Eine Patientin hat erklärt, dass ein neuer, weniger invasiver Gebärmutterkrebstest im Krankenhaus ihr das Gefühl gab, dass Frauengesundheit endlich ernst genommen wird – ein Satz, der wahrscheinlich einen eigenen medizinischen Durchbruch verdient.
Angela Ransby, 56, aus Ipswich, die seit 20 Jahren gegen Endometriose kämpft, besuchte das Ipswich Hospital wegen postmenopausaler Blutungen. Sie erwartete die üblichen schmerzhaften und invasiven Verfahren, wurde stattdessen aber mit einem neuen Test namens WID-easy begrüßt, der der Gebärmutterhalskrebsvorsorge so nahe kommt wie möglich.
Der Test wird auch im Colchester Hospital erprobt, und Dr. Wendy MacNab, klinische Direktorin für Gynäkologie bei der East Suffolk and North Essex NHS Foundation Trust (ESNEFT), ist geradezu begeistert davon. „Ich fand es wirklich wichtig, denn warum sollte ich als Gynäkologin einen weniger effektiven Service anbieten?“, sagte sie und ließ die alten Methoden wie aus der Steinzeit klingen.
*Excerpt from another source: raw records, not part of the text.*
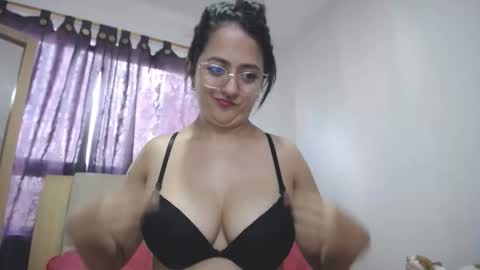 Snapshot of jandylovee chatting on March 2026 09:45:01 PM Johanna online show from March 2026 09:45:01 PM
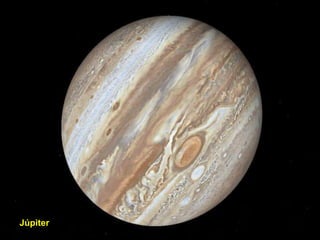 Júpiter 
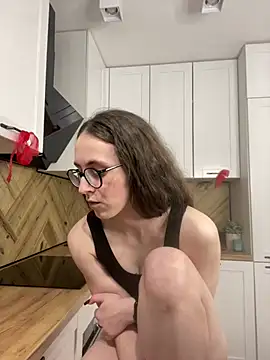 Вебкам-шоу MartiniiSelenna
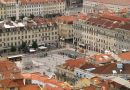 Lisbon view - Do in Lisbon 2020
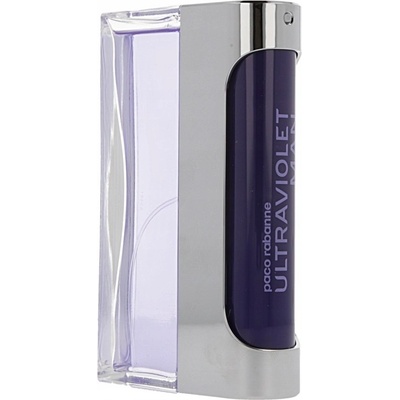 Paco Rabanne Ultraviolet toaletná voda pánska 100 ml
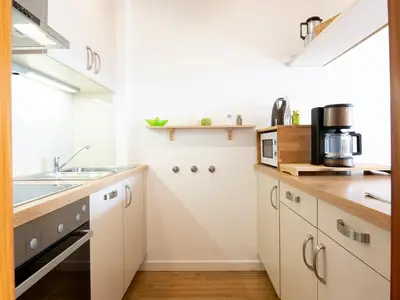 Ferienwohnung für 4 Personen (51 m²) in Kellenhusen 9/10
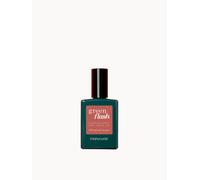Manucurist Green Flash Bois de Rose Old Rose LED Gel Nail Polish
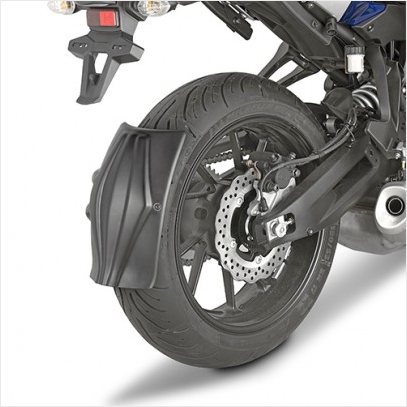 GIVI MT07트레이서 16-19 머드플랩 브라켓 RM2130KIT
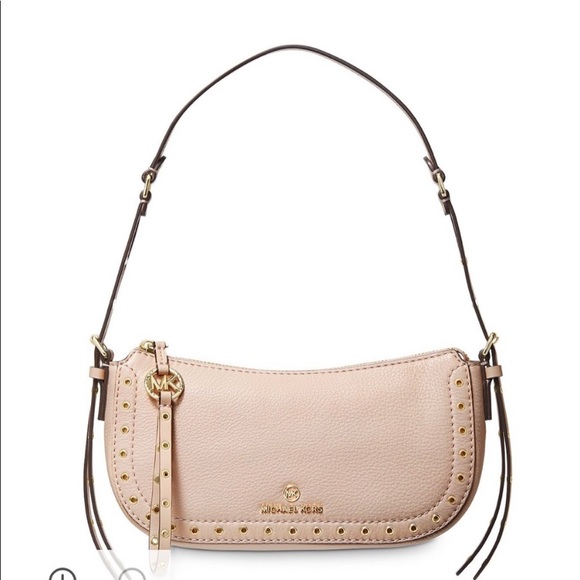 MICHAEL Michael Kors Handbags - NWT - MICHAEL Michael Kors Camden XS Pouchette
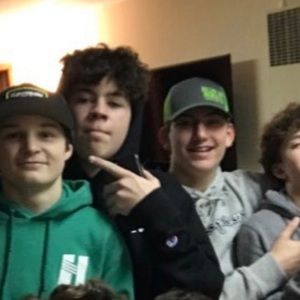 Meet your Posher, Leo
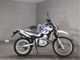 Фото Yamaha SEROW 250 с японского аукциона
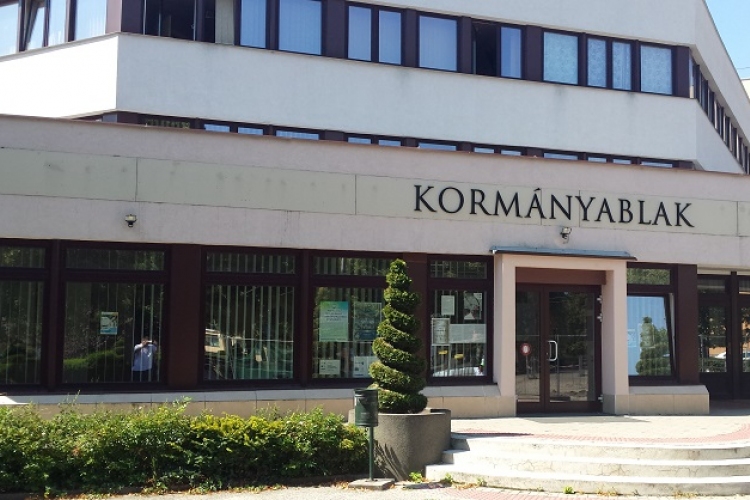 Szünetel a kormányhivatal ügysegédi ügyfélfogadása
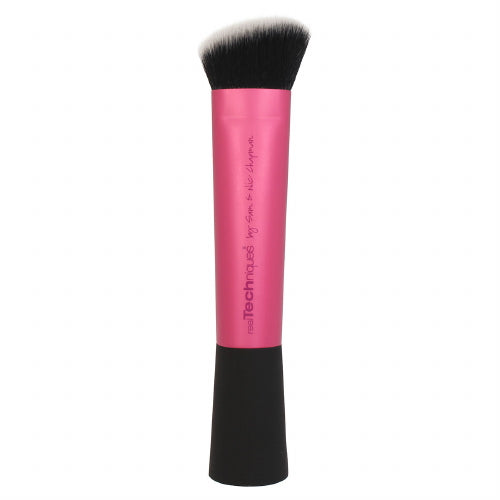 Real Techniques Sculpting Brush - Pink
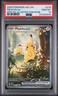 2026 POKEMON ASC EN-ASCENDED HEROES SPECIAL ILLUSTRATION RARE PIKACHU EX PSA 10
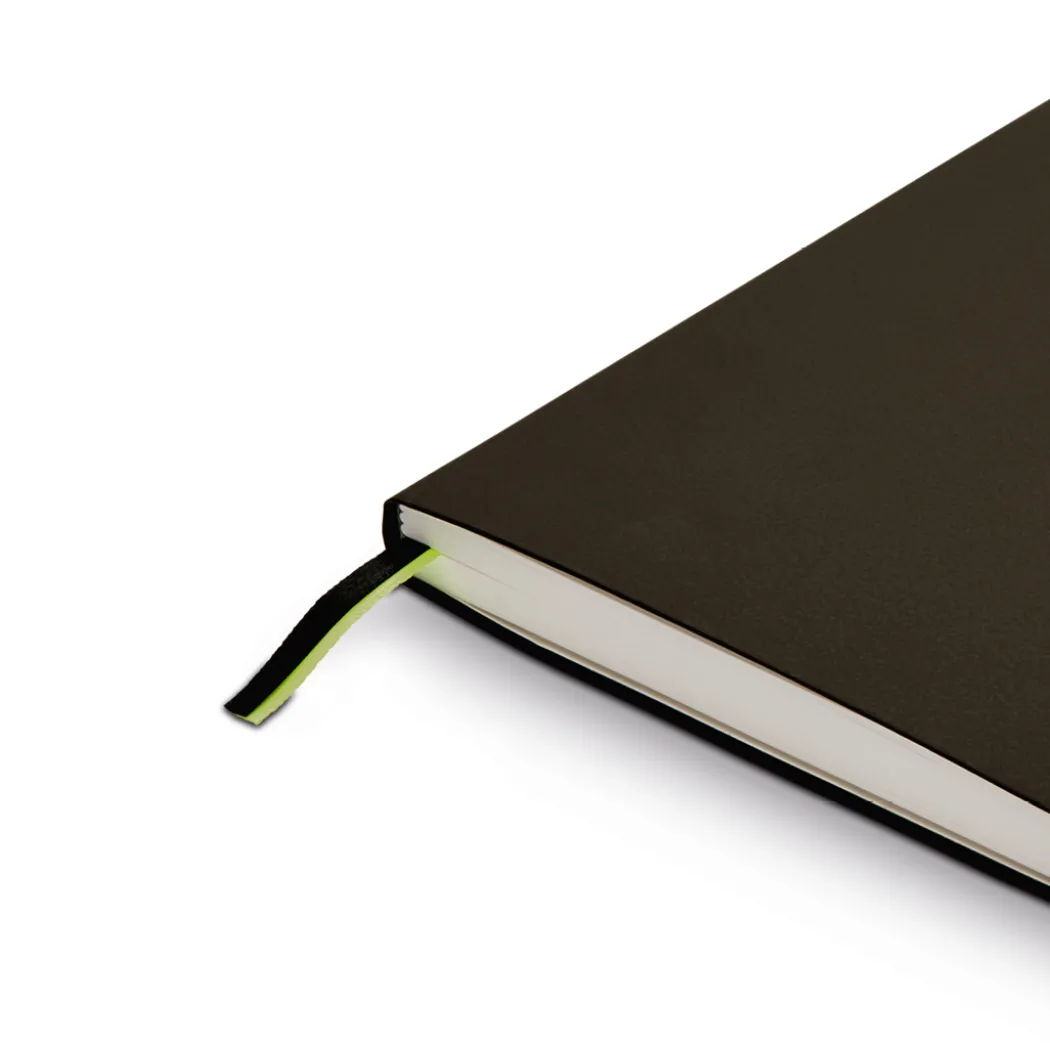Notebook Soft Cover A5 Umbra
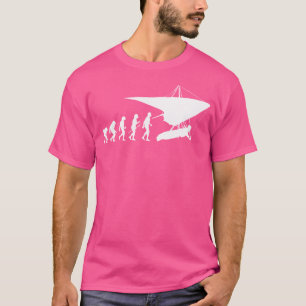 Hanggleiter-Evolution Hang-Gleiter T-Shirt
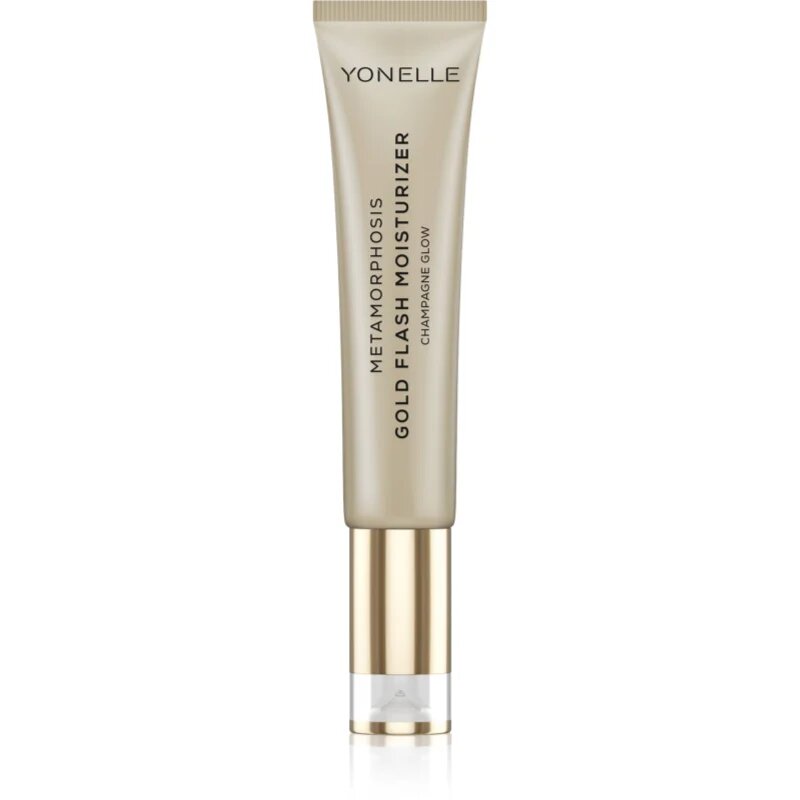Yonelle Metamorphosis hidratáló és élénkítő gél 25 ml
Ransbys Endometriose hat im Laufe der Jahre „lähmende“ und „unbeschreibliche“ Schmerzen verursacht, was zu einer Teilhysterektomie, Darmresektion und sogar Ausbreitung auf die Lunge führte. Nach einem Jahr Hormonbehandlung sah sie sich mit postmenopausalen Blutungen konfrontiert – und einem Arzt, der überraschend gute Nachrichten überbrachte: „Wenn Sie vor einer oder zwei Wochen gekommen wären, hätten wir Ihnen nicht das anbieten können, was wir Ihnen jetzt anbieten können, nämlich diesen neuen Abstrich.“
Ransby war begeistert und stellte fest, dass Ipswich für die Studie ausgewählt worden war. „Es ist nicht meine Erfahrung, zur Frauengesundheit im NHS und im Ipswich Hospital zu gehen und herauszukommen und zu denken: ‚Verdammt, das war gut, das war sogar erträglich‘“, sagte sie, was vielleicht die enthusiastischste Empfehlung ist, die eine NHS-Gynäkologieabteilung je erhalten hat.
ESNEFT ist der erste Trust in Ostengland, der WID-easy erprobt, und die Ergebnisse kommen innerhalb von Tagen statt Wochen zurück. Bisher mussten Frauen Ultraschalluntersuchungen über sich ergehen lassen, die oft falsch positiv ausfielen und zu unnötigen invasiven Eingriffen führten. Jetzt kann ein einfacher Abstrich aus Vagina und hinter dem Gebärmutterhals innerhalb von drei bis fünf Tagen Ergebnisse liefern, mit einem sehr geringen Risiko, Krebs zu übersehen. Wird Krebs festgestellt, werden weitere Tests arrangiert, und mehr Patientinnen können schneller gesehen werden.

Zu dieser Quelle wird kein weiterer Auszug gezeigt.